━━━━━ Supplied records ━━━━━

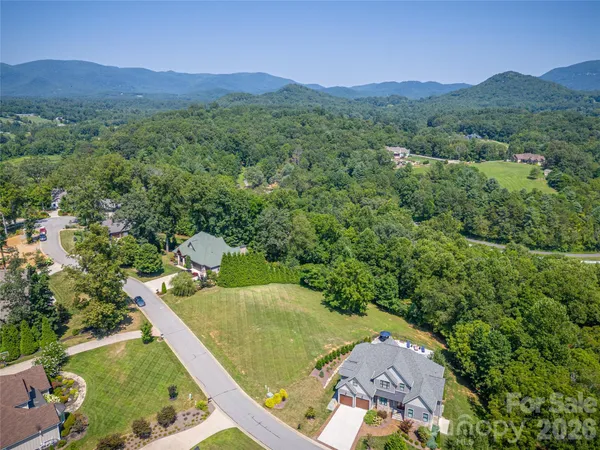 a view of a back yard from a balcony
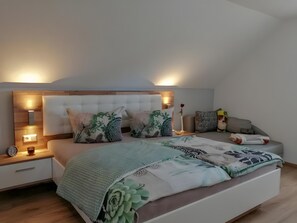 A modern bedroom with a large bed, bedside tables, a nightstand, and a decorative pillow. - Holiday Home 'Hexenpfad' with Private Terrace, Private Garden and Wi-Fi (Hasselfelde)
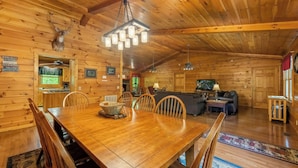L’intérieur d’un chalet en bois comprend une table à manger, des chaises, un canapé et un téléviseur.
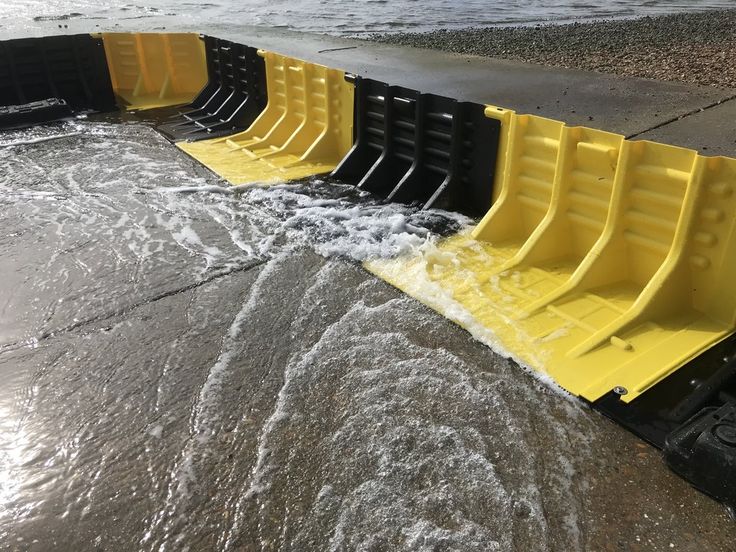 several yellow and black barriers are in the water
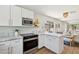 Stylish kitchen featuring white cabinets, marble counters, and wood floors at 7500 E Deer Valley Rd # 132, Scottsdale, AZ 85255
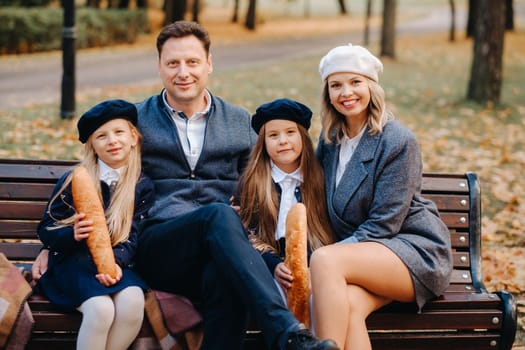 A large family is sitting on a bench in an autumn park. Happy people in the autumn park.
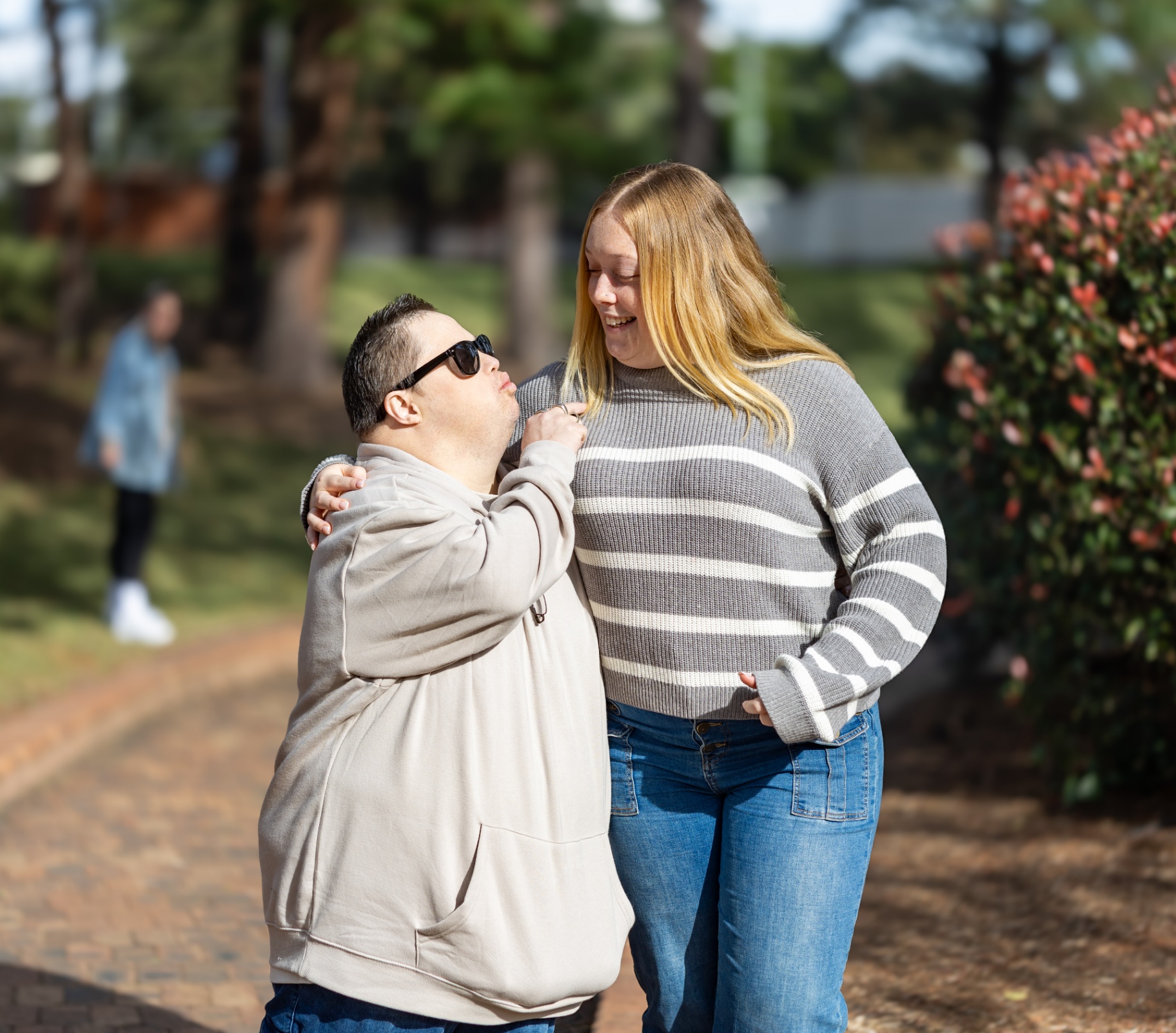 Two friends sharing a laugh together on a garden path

━━━━━

- **Work instruction**
Copy every line exactly, from the opening line of the entries down to the line holding "L’intérieur d’un chalet", and keep the pictures out.

- **Result of the task**
 a view of a back yard from a balcony
 A modern bedroom with a large bed, bedside tables, a nightstand, and a decorative pillow. - Holiday Home 'Hexenpfad' with Private Terrace, Private Garden and Wi-Fi (Hasselfelde)
L’intérieur d’un chalet en bois comprend une table à manger, des chaises, un canapé et un téléviseur.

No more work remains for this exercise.